October 4, 200718 yr What turned out to be just replacing the driverside front cam seal has now turned into a "lets replace everything on the front of the engine" along with replacing those front cracked timing belt covers. The question, i am doing the water pump (after market, 16 bucks) but I did buy a OEM gasket. Is the gasket good enough or should I also use a thin bead of RTV. Please wiegh in. The engine is a 95 2.2
October 4, 200718 yr on an EJ - at most i'd use the tack stuff that's specifically designed for water pumps, not RTV.
October 4, 200718 yr I used "water pump gasket maker" in addition to the OEM gasket on my 2.5dohc. No leaks after 12000 miles.
October 4, 200718 yr yep pep boys will have it, it's very common. rummage down the sealant aisle or ask, you'll see it. i would use this over RTV.
October 4, 200718 yr perma-tack? i might be making that up, maybe it's a permatex product and it's tacky....i can picture the freaking bottles, but the names are eluding me. like i said, very common and easy to find though.

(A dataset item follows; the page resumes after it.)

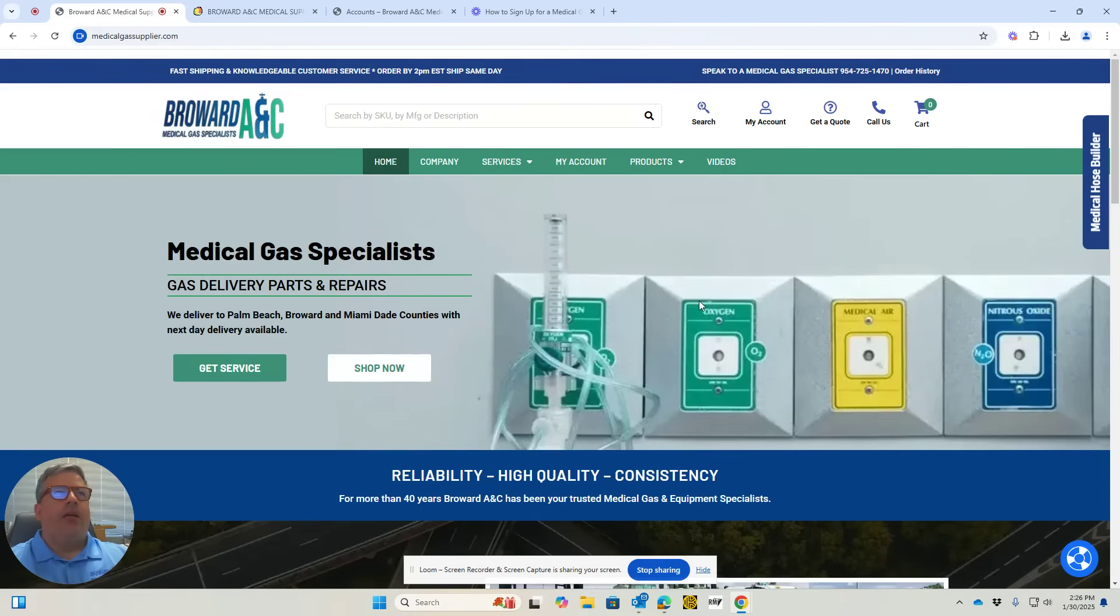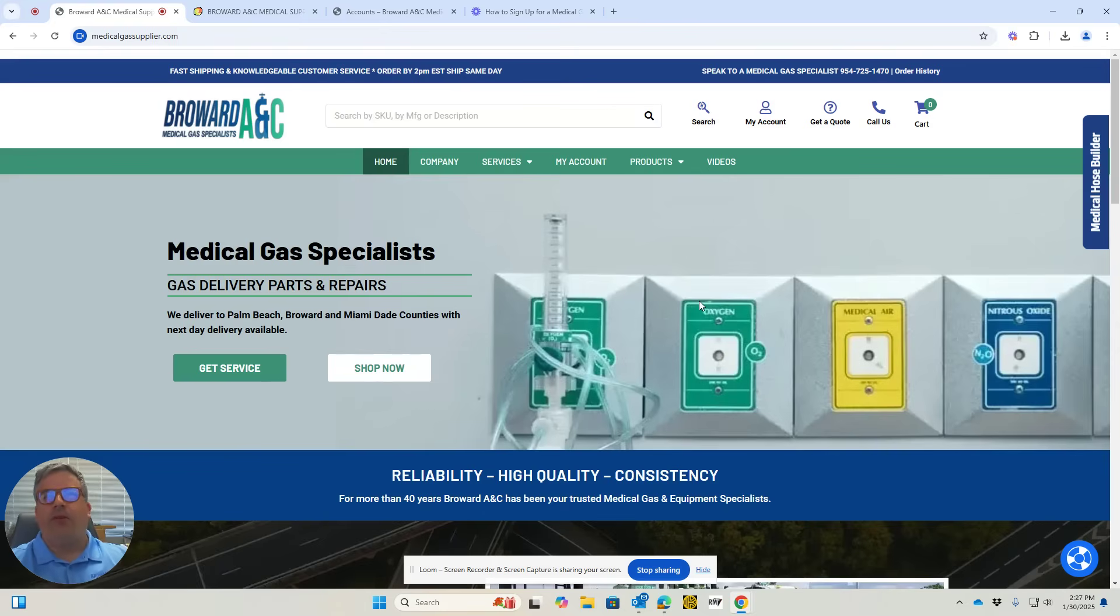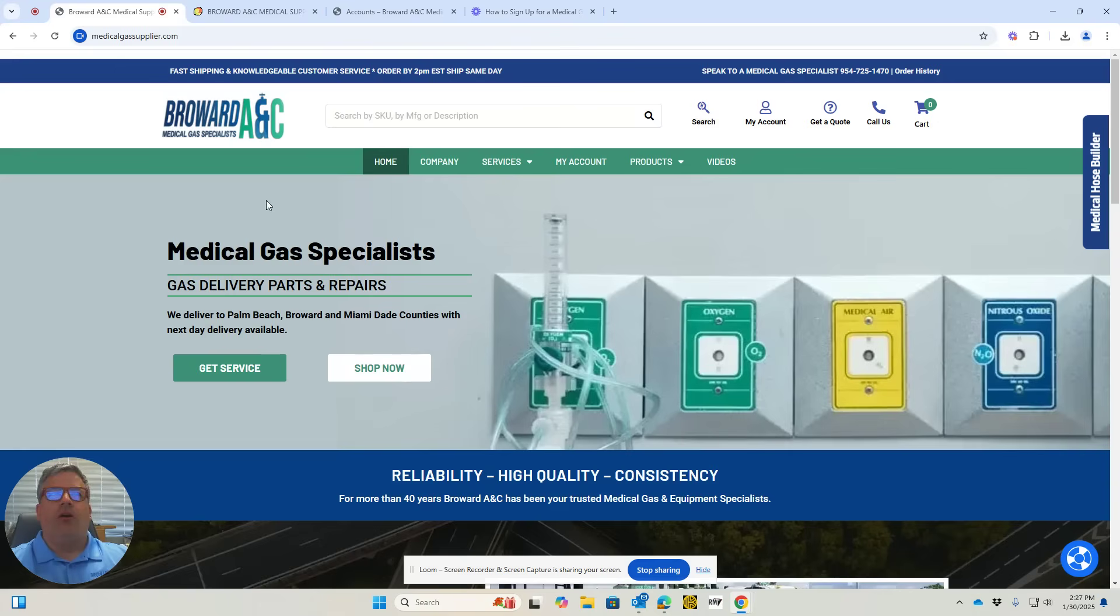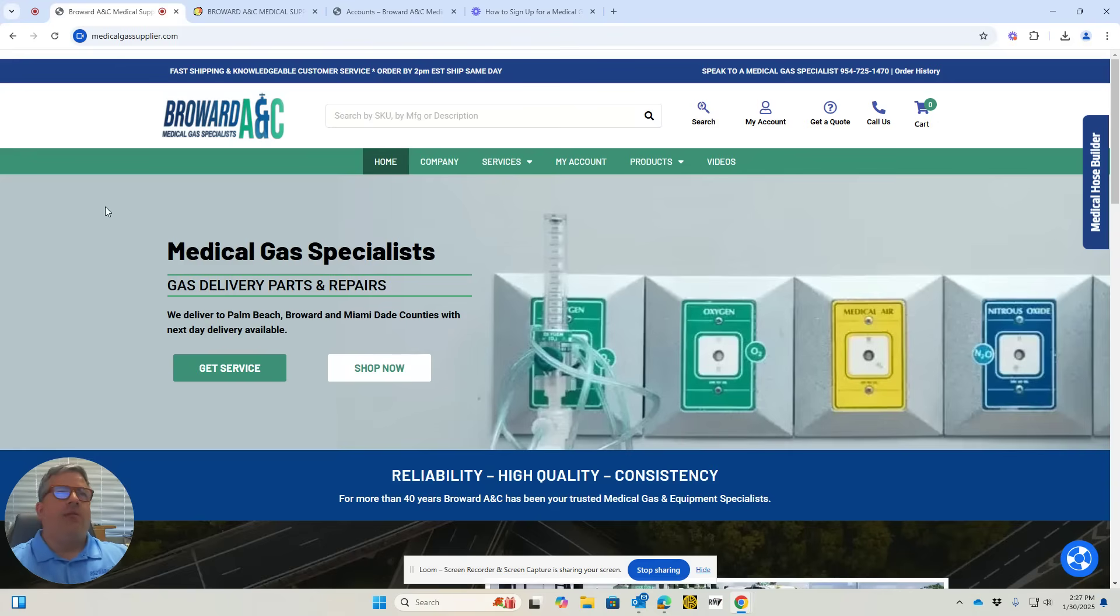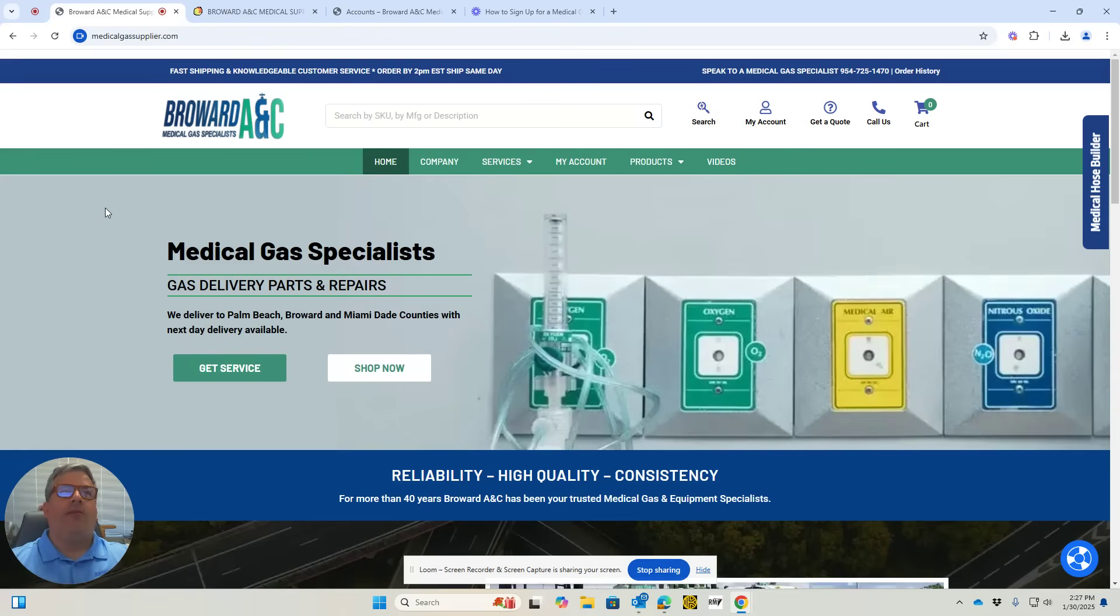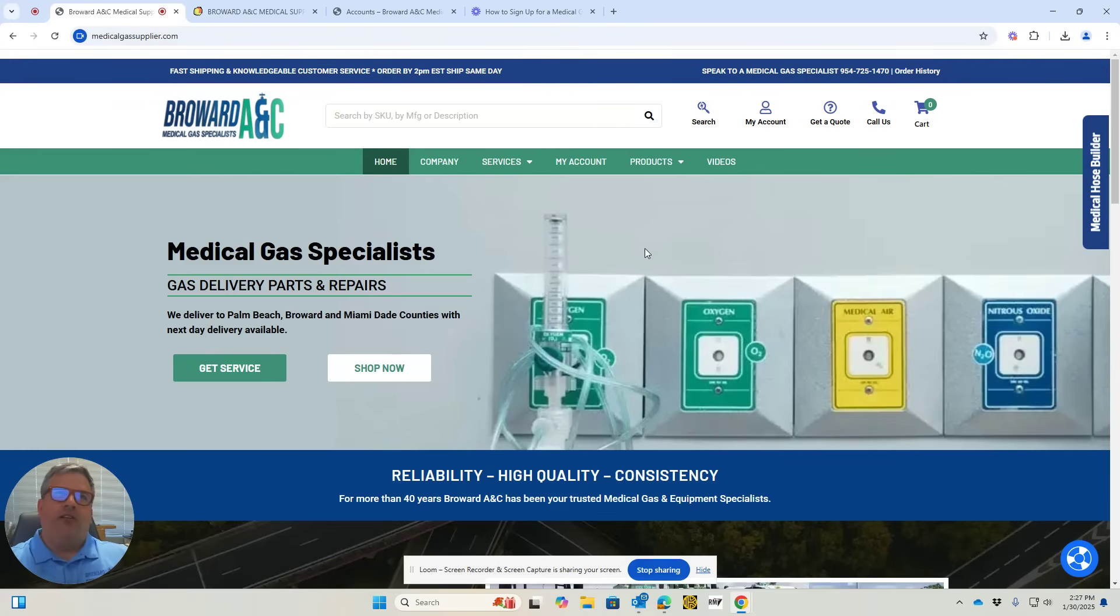I'd like to show you our hose builder. A lot of people need medical gas hoses, especially during the pandemic. We were selling many hoses to hospitals around the country, and we made this hose builder to make it easier for everybody to find what they need. I'd like to show that to you today.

October 4, 200718 yr Author One last seal question, should I replave the front crank seal if it is dry as a bone.... The engine has 150K on it
October 4, 200718 yr The EJ water pump gaskets are rubber coated metal - I wouldn't use anything on them other than a torque wrench. 5,000 on my water pump install and no leaks with the OEM gasket installed dry (per FSM). The pump itself will fail long before that gasket does. Front main is a good idea anytime you have the belt off - they are cheap. GD
October 4, 200718 yr the crank seal is less important than the oil plate backing screws which you should inspect. remove and thread lock and retighten any screws that are loose (almost always one or two that are). this be default makes it a good time to replace the crank seal and oil pump oring, very simple to do. EJ oil pumps are easier than EA/ER stuff.

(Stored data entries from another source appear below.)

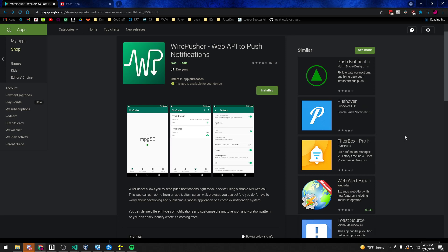What is going on guys? My name is Brent and in this tutorial we're going to talk about how to quickly and simply send notifications to an Android device using Wirepusher and Node.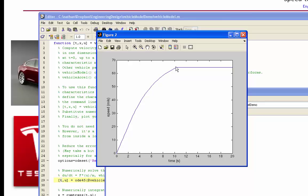So our code is telling us that the car is going to accelerate up to about 65 meters per second over a period of about 10 seconds. And then it doesn't accelerate anymore. The reason it doesn't accelerate anymore is that we're at the maximum speed of the motor then, and no more torque is available to give us more acceleration.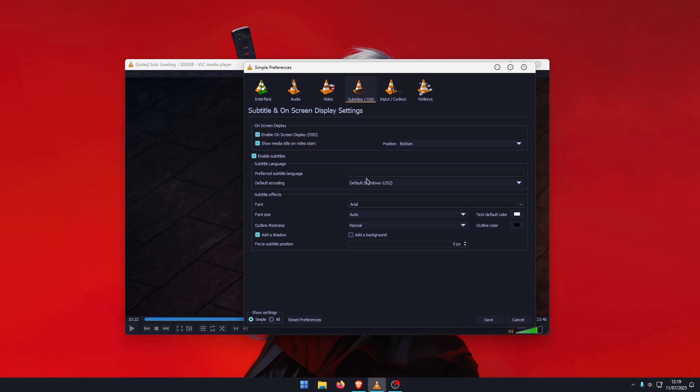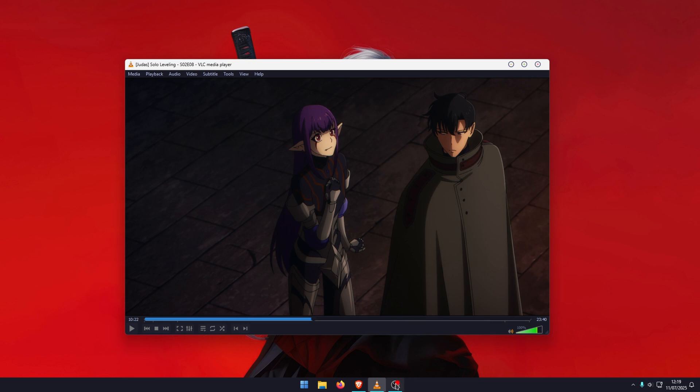In this box you need to enter a specific code. There's quite a few codes depending on the language. For English it's simply ENG, then click Save. But if you need a different code for a different language, you can head on over to this website here.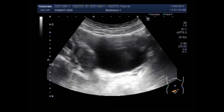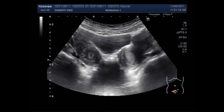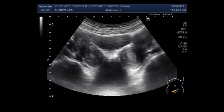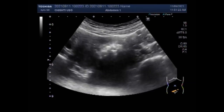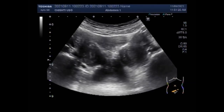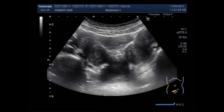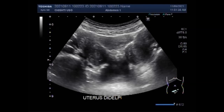Now you can see both the uteruses, and each uterus has its own cervix — the cervix is not shared between them. So every uterus has its own fallopian tube, its own ovary, and its own cervix.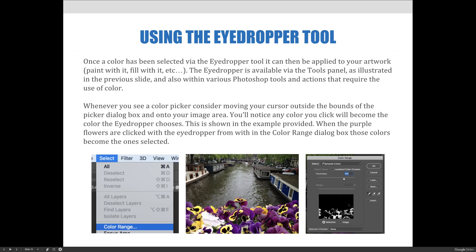The eyedropper is available via the tools panel and also within various Photoshop tools and actions that require color selection. Whenever you see a color picker, consider moving your cursor outside the bounds of whatever dialog box you're working within onto your active image area. You'll notice any color you click will become the color the eyedropper chooses. One example is the Color Range command, which we used in a previous lecture to change the color of tulips.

October 4, 200718 yr Author should I thread lock everything on the front of the engine as I remove and put back on to do all the seals?
October 4, 200718 yr should I thread lock everything on the front of the engine as I remove and put back on to do all the seals? no definitely not. just torque everything properly. lock tite the oil pump backing plate screws only.

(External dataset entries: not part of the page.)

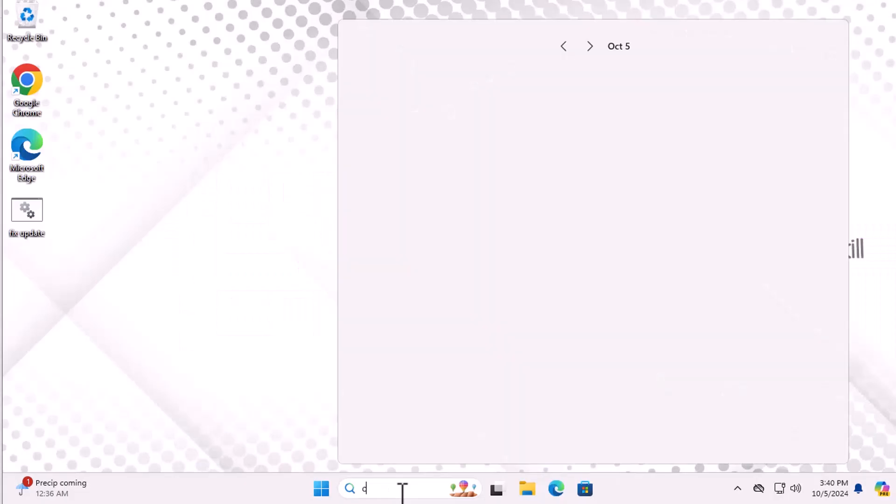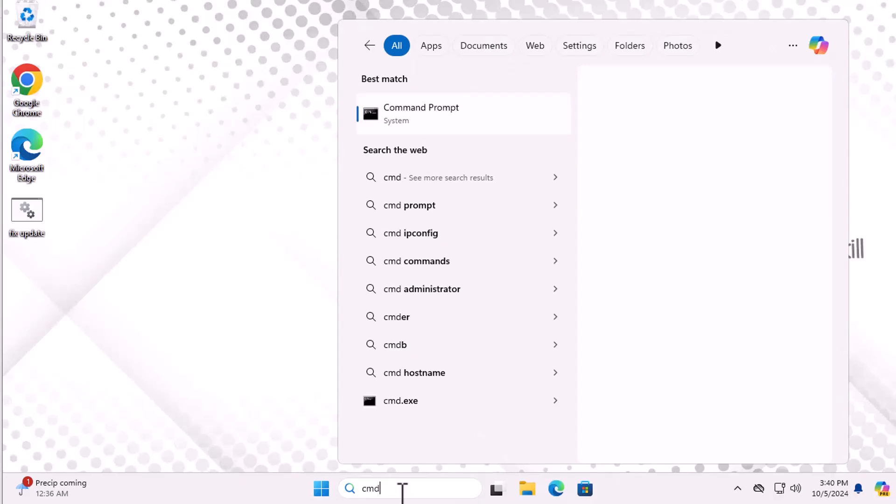First, start by opening the Start menu and typing CMD. When you see Command Prompt in the list, right-click on it and select Run as Administrator.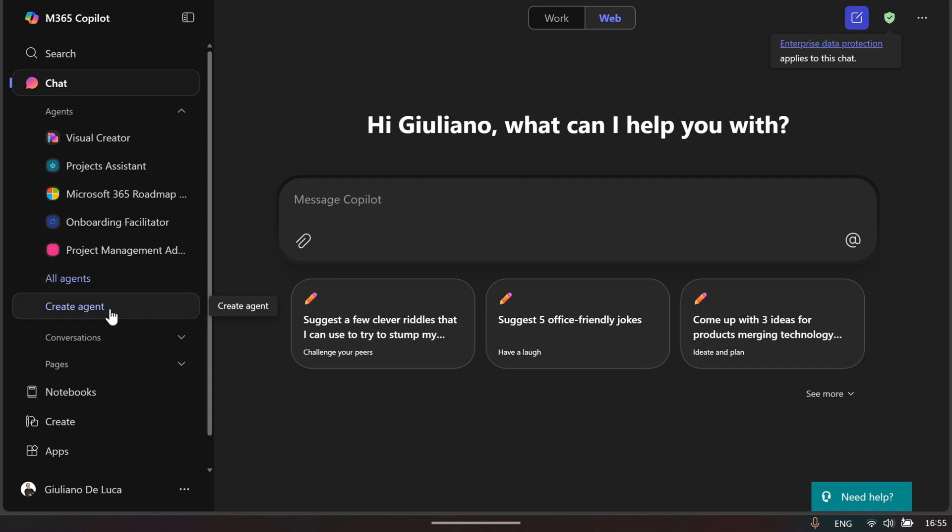Moreover, you have the ability to create a new agent directly from here. I already showed a video in the past on how to do that, so check it out if you're interested in going deeper about this topic.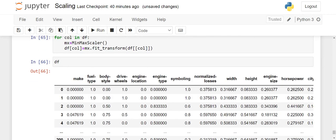I hope everyone has understood how min-max scalar works. Thank you.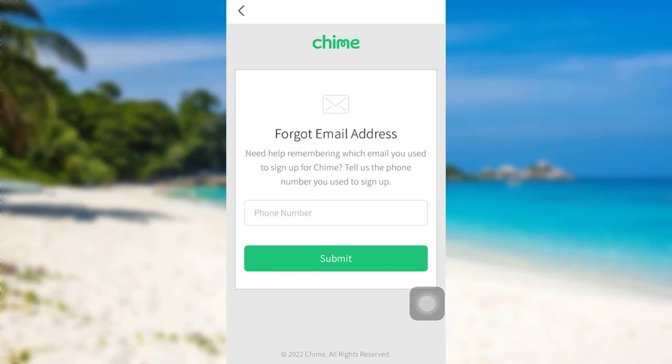You need to provide the phone number that you had used to sign up. So enter the phone number that you had used, and then tap on 'Submit.' After that, follow the further instructions provided, and finally you will be able to find the email address associated with your Chime account.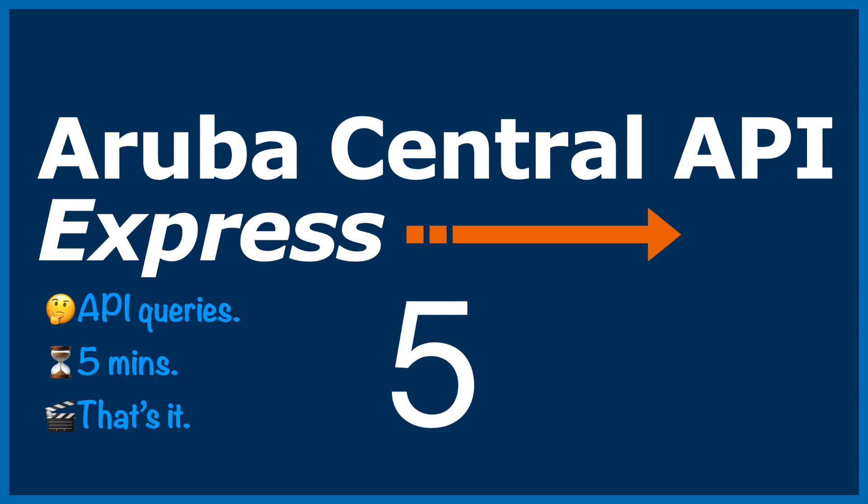Hello, this is Joe Neville back with another Aruba Central API Express video. This is video five, so hopefully you know the drill by now.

October 4, 200718 yr Author I am going to think about it today, regarding that oil pump. Everything is bone dry and I am not sure I want to spend the time pulling off that crank pulley. It seems like I could be wrestling for days with it.
October 4, 200718 yr I am not sure I want to spend the time pulling off that crank pulley. you could try and see if it comes off, the EJ stuff usually doesn't give me any problems. after that you're only talking 10-20 minutes to have the oil pump as good as new.
October 4, 200718 yr RTV is not required on the gasket; I guess you could use it but it is not needed. I use edelbrock gasginch on stuff like that to mount the water pump gasket to the water pump before install. Makes it a lot easier than trying to keep the gasket in place while installing. gasginch is basically just rubber cement with a nastier faster drying solvent I think. There's lots of types of it at the auto parts stores. Note that when torquing the water pump bolts, you start with the bolt at apprx the 2 o'clock position, then go tightening them, move to the next bolt clockwise, then go around again to reach the final torque which I think was like 7.2 ft*lb. Resealing the oil pump isn't too hard if you get the crank pulley off. Sometimes the crank spocket can be tough to pull off if it got corrosion underneath it. There's two types of o-rings, one for EJ22s I think which just looks like a normal o-ring, and one for EJ25's which is more like a discus looking thing.